Create a culture of trust
With the epidemic becoming a distant task, it is more important than ever to lead with confidence. Have faith in your employees’ abilities and allow them the space and freedom to create a work environment, and even schedule, that allows for maximum productivity – especially in odd times when it’s every It is important to differentiate in one’s position. Avoid micromanaging as much as possible and make a connection to your company’s culture through trust. To combat segregation, my brilliant co-founder, Andy Vela, suggested scheduling 1 hour of “water cooler” calendar entry each day. During WC, the entire company gathers on video to chat about any topic, work related or not, it is relevant that day. This not only leads to separation, but it creates real human relationships when we cannot separate.
Promote financial well-being
During a period where many companies have been forced to make tough decisions about employment and record numbers of Americans have been reduced or shut down, for organizations to promote financial well-being of employees More important than ever. Look ahead and offer resources to help your employees educate, invest and wisely improve and plan better accounts for periods of uncertainty. Even though we recently moved to a beautiful office in San Francisco’s Financial District, Andy and I made the difficult decision to make the space indifferent and make Punch List a remote-first company. Monthly rent combined with low usage no longer made it a smart financial investment for the company. Instead, we transferred some of those funds to employees in the form of home office stipends and company-funded Internet / phone plans.
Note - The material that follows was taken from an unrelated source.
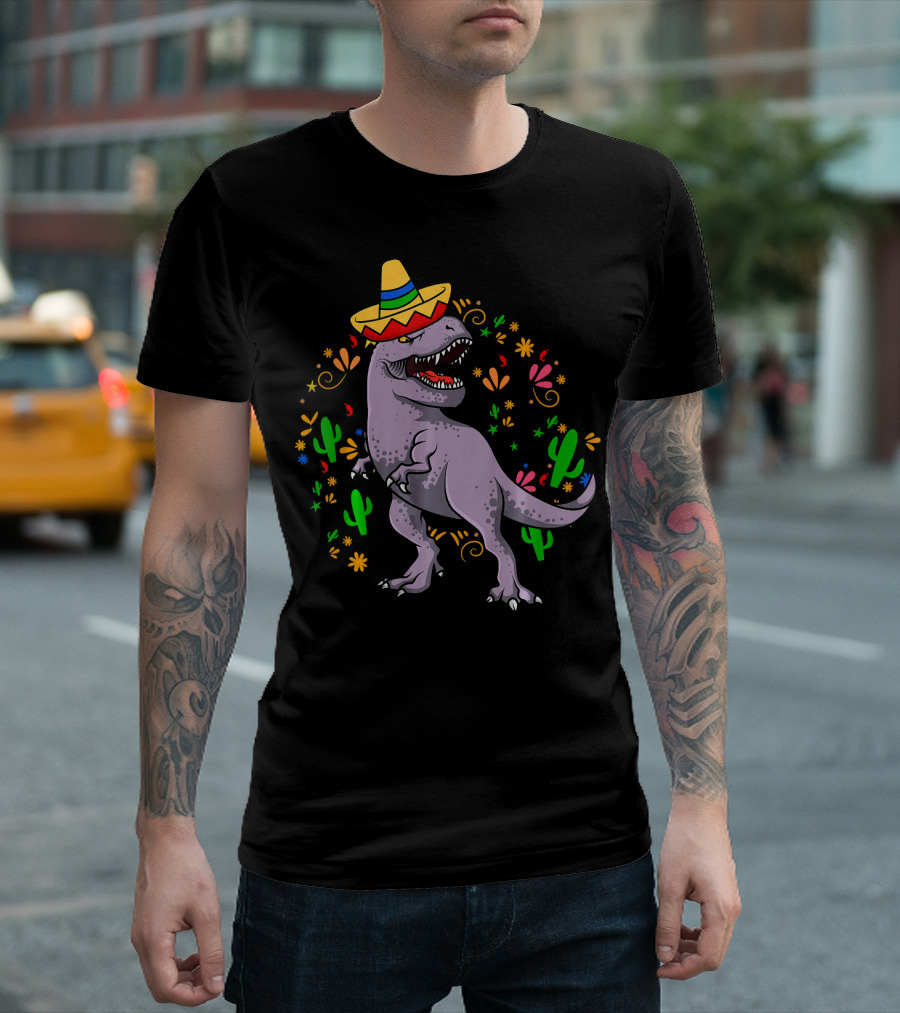 T Rex Dinosaur Cinco de Mayo 5th of May Sombrero Cactus Fiesta T-Shirt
There is always a safety net
There is no question that 2020 has been a financial catastrophe for many companies, as businesses were sent by an epidemic that forced businesses to shut down for long periods of time, spread unemployment and seriously affect consumer spending did. The situation always highlights the importance of working as an entrepreneur to build safety nets, to keep your business above water during a prolonged decline.
Be sure to fully understand and consider your overhead costs and work towards creating a cash safety net that can cover those costs for six to twelve months in the event of a disaster. And, when needed, cut your losses to avoid ongoing expenses (goodbye office)! ”
Do not hesitate to adapt
This year, in the face of unprecedented challenges, several specific trading strategies have proved ineffective. It is important for a situation not to be fixed in one way of thinking or seeing, and instead to be able to adapt to different situations and scenarios efficiently. Your business may need to reorganize operations quickly, as many people faced an epidemic this year – able to do so quickly, and without hesitation, indispensable for survival. During a global epidemic in 2020, if you told me that we would have created a video app to help experts make extra money (by session or by minute) from their own home security, I would laugh at you. However, with the remodeling projects stalled, our team had to rethink where it was most needed – and I was not conscious of the results.
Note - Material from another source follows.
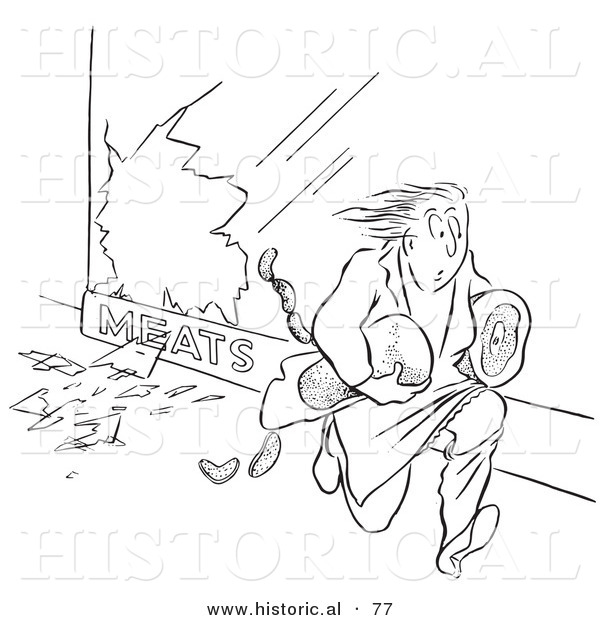 Historical Vector Illustration of a Thief Running from a Market with Stolen Meat - Black and White Version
Invest time in relationships
People are important, and investing time in people and relationships is most important for entrepreneurs. Whether or not face-to-face contact is possible, be sure to dedicate time to connect with people – your employees, partners, customers, investors and fellow entrepreneurs. Aim to connect or check in with a few people each day. This can happen during planned sessions or during random slack / zoom calls, as long as you take a significant amount of time for yourself.
Take pride in building those relationships and take advantage of them, and the knowledge you gain from them helps your business to thrive. 2021 will be here soon!